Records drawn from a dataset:
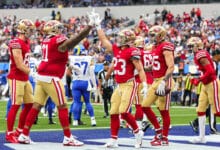 San Francisco 49ers vs Los Ángeles Rams será el partido inicial de la Jornada 15 de la NFL.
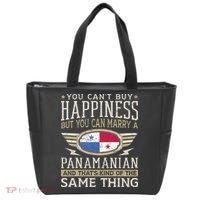Panamanian And American Flag Panama Proud Tote Bag thumb 0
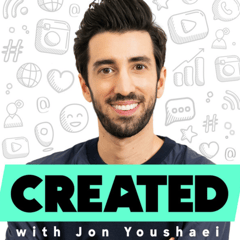 Created with Jon Youshaei Podcast Cover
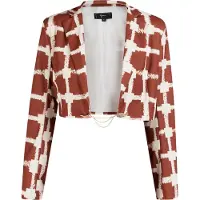 Faina Blazer orange foncé / blanc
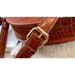 Luxury Fashion Women Crossbody Bag Crocodile Semicircle Soft Leather Handbags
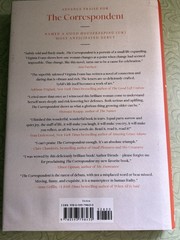 The Correspondent A Novel by Virginia Evans (0593798430) Hardcover 14th Printing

**YOUR TASK**
The expected response is every entry above, repeated exactly, pictures removed.

**EXERCISE RESPONSE**
 San Francisco 49ers vs Los Ángeles Rams será el partido inicial de la Jornada 15 de la NFL.
Panamanian And American Flag Panama Proud Tote Bag thumb 0
 Created with Jon Youshaei Podcast Cover
 Faina Blazer orange foncé / blanc
 Luxury Fashion Women Crossbody Bag Crocodile Semicircle Soft Leather Handbags
 The Correspondent A Novel by Virginia Evans (0593798430) Hardcover 14th Printing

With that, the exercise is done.